|About this Abstract
||2017 TMS Annual Meeting & Exhibition
||High Entropy Alloys V
||New Deformation Twinning Mechanism in Equimolar Multi-component Alloys with Low Stacking Fault Energy
||Qingjie Li, Evan Ma
|On-Site Speaker (Planned)
Single-phase FCC equimolar multi-component alloys (EMAs) such as CrMnFeCoNi and NiCrCo often exhibit an unusual combination of high tensile strength and ductility. Such an extraordinary strength-ductility synergy is believed to be closely related to the hierarchical deformation twinning (DT) microstructures developed in these alloys, however it is unclear how the profuse deformation twins form.
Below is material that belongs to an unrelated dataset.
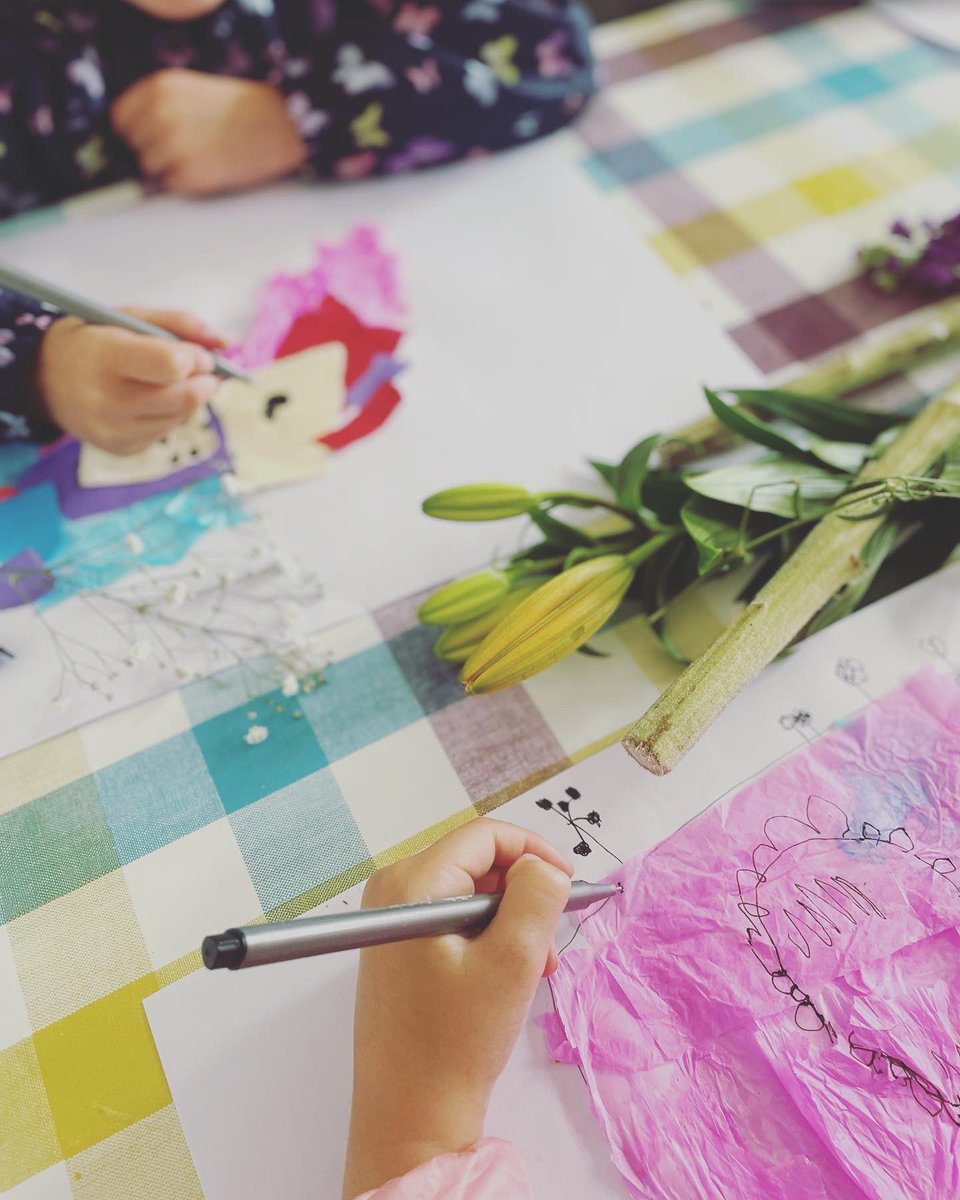 MissMuirArt's tweet image. Miss Muir’s home art class debut this morning 🤍 
Swapping the teens for the tots! Happy faces all round 🌻🌷#artclub #summerclub #teachingneverstops #collage #linedrawing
Using molecular dynamics simulations with realistic EAM potentials, we demonstrate a new DT mechanism that takes advantage of the intersection between faults. These intersections are of glide-like symmetry in lieu of the screw symmetry in the conventional pole mechanism. The translational component of this glide-like symmetry plays the role of promoter to mediate DT, constituting the source of twinning dislocations. This new mechanism is especially prolific at high driving stresses, explaining the enhanced occurrence of hierarchical twin structures in EMAs at cryogenic deformation temperatures.
||Planned: Supplemental Proceedings volume